Ask HN: How did the internet discover my subdomain?
Primary ways subdomains get “discovered”
- Certificate Transparency (CT) logs expose any hostname with its own public TLS cert; many tools and services continuously tail these logs.
- Large-scale IPv4 scanning (e.g., by security companies) hits every routable IP and probes common ports, then fingerprints what’s running.
- DNS-based techniques: brute-force enumeration with wordlists, AXFR (zone transfers) on misconfigured DNS servers, and DNSSEC/NSEC zone walking.
- Reverse lookups via TLS: connect to an IP over HTTPS, inspect the certificate/SNI to learn associated hostnames.
DNS, passive data, and commercial services
- DNS zones are not generally enumerable, but:
- Some authoritative servers still allow unauthenticated AXFR (misconfiguration but common enough to mine).
- DNSSEC NSEC/NSEC3 can leak zone structure unless carefully configured.

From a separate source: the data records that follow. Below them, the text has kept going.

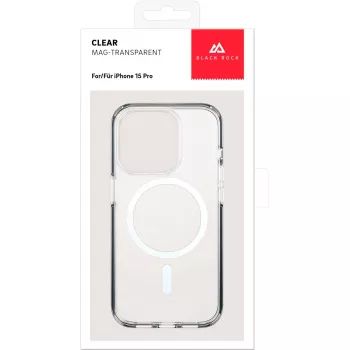Black Rock Cover Mag Clear skal för Apple iPhone 15 Pro, transparent (00221270)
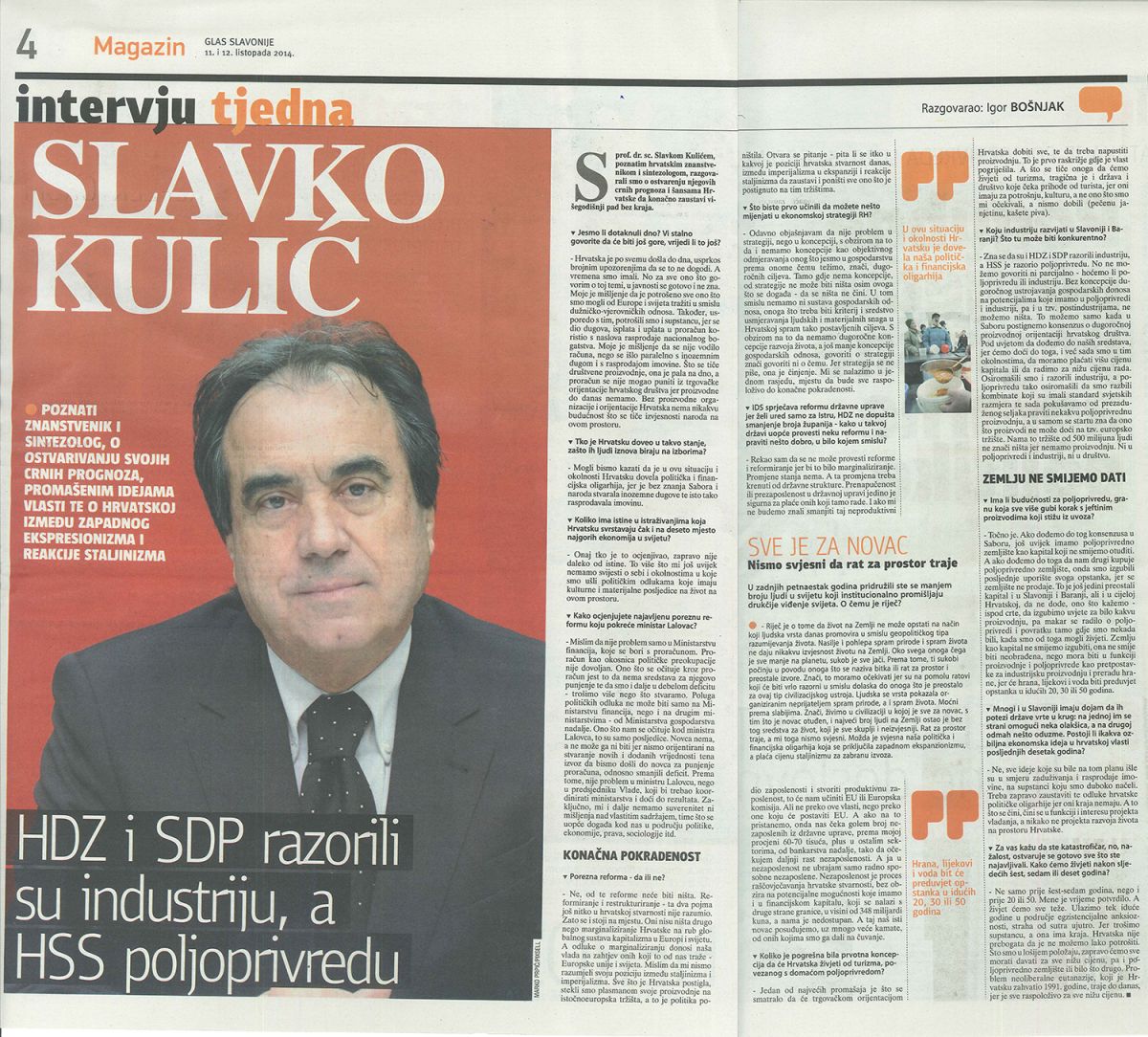 Intervju - 12.10.2014. Glas Slavonije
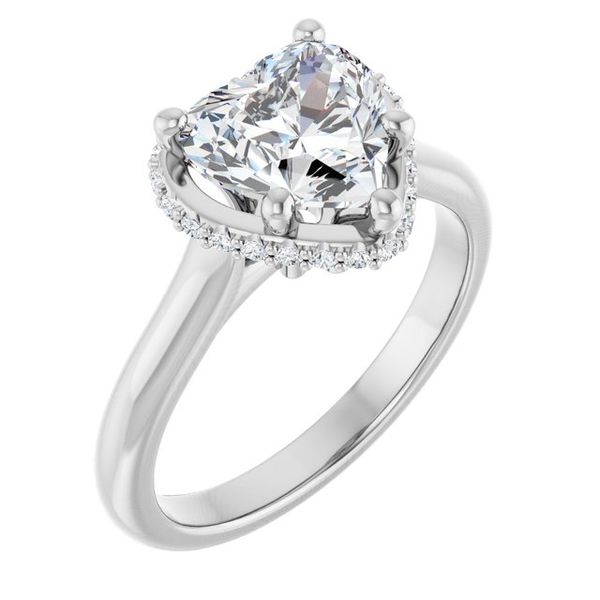 Hidden Halo-Style Engagement Ring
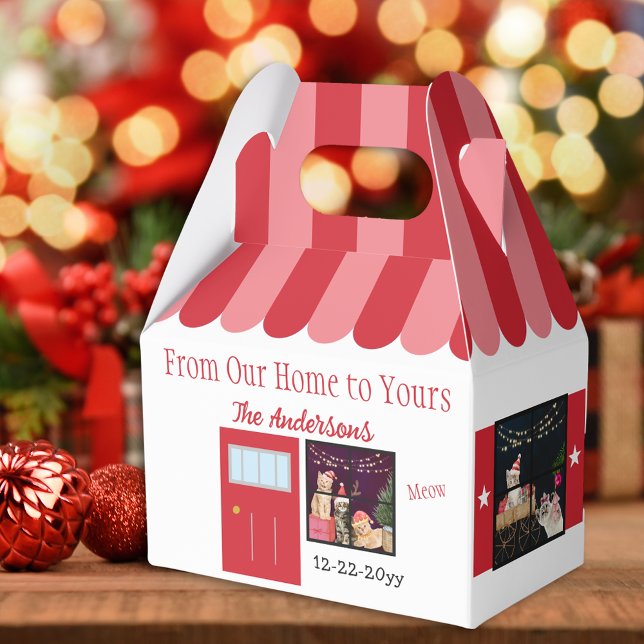 Ballotins Maison de Noël Pet Party Favoriser boîte (Créateur téléchargé)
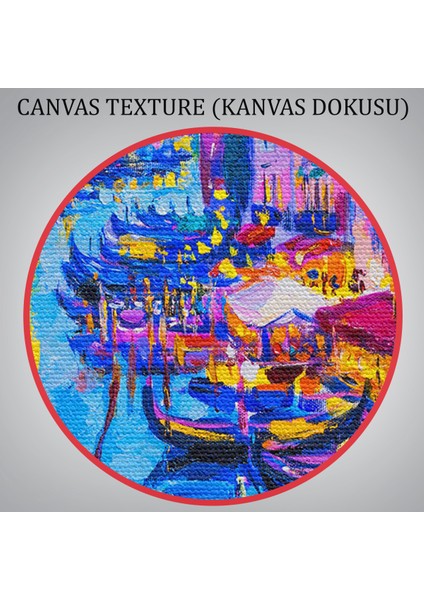 -Premier Kanvas Serileri- Rusya Neva Nehri Manzarası Duvar TABLOSU-1207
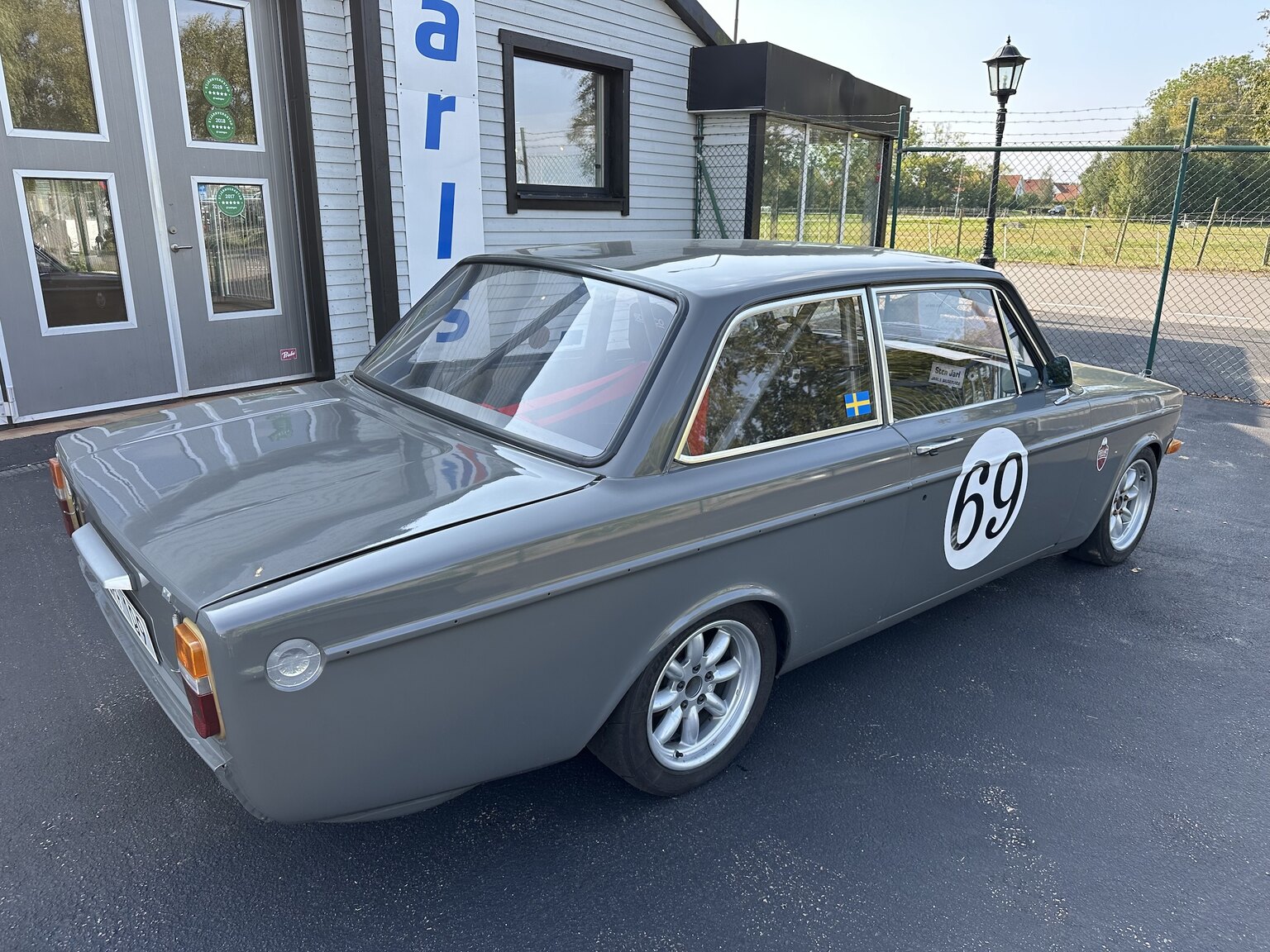 Aussenfoto 1969 Volvo 142 race car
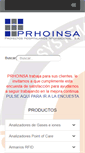Mobile Screenshot of prhoinsa.com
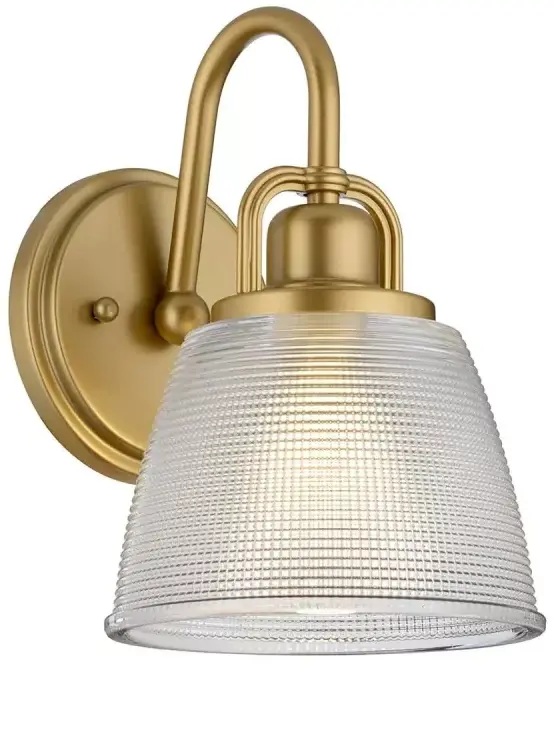 Elstead Lighting Dublin oldalfali lámpa 1x3 W sárgaréz QZ-DUBLIN1-PNBR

- “Passive DNS” providers and some ISPs/resolvers sell aggregated query/answer logs, revealing which hostnames are being resolved.
- PTR (reverse DNS) records can map IPs back to hostnames.
- Many subdomain-finding tools aggregate CT, passive DNS, zone-transfer leaks, brute-forced records, and web crawling into searchable databases.
IP scanning and default virtual hosts
- If a scanner connects by raw IP (no SNI/Host header), it often hits the web server’s default vhost; those requests may be logged under a particular subdomain, creating the impression the subdomain itself was targeted.
- With non-SNI TLS or a default cert, the hostname in that cert can be learned even without knowing the domain first.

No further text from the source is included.